UPS Fails to Adapt to E-Commerce Surge, Stock Suffers Biggest Drop in 2 Years

Shares of United Parcel Service (UPS) suffered earlier this month their biggest one-day selloff in two years, as disappointing fourth-quarter results revealed that UPS was still having trouble adapting to the surge in online holiday shopping. The results were also a clear lesson that not all business is good business.
To the surprise of no one, E-commerce business increased sharply during the holiday season, but by a lot more than UPS had anticipated. Chief Financial Officer Richard Peretz said that the normal percentage of business-to-consumer (B2C) revenue to total revenue is 55%, and that spiked to 63% in December, marking the biggest swing in 10 years.
While it might seem like that would be a good thing, B2C shipping is a lower-revenue, narrow-margin business, so it came at a cost to the company’s profits.

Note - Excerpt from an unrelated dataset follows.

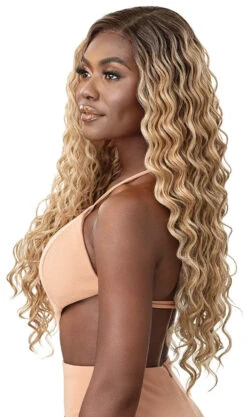 OUTRE SleekLay Synthetic Part Lace Front Wig - ASMARA -Outre QLSLP Asmara DR4 Honey Blonde Left 39647.1650052716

Peretz said approximately two-thirds to three-quarters of the earnings miss was a result of this big shift in revenue source.
While UPS noted that they are in the early stages of a multiyear effort to adapt operations to meet those challenges, the quarter’s results reflect “more work needs to be done.” Peretz said UPS is increasing capital expenditures in 2017 to $4 billion from nearly $3 billion in 2016, in an effort to speed up its multiyear effort to adapt to e-commerce challenges by increasing capacity and efficiency, including through expanded automation.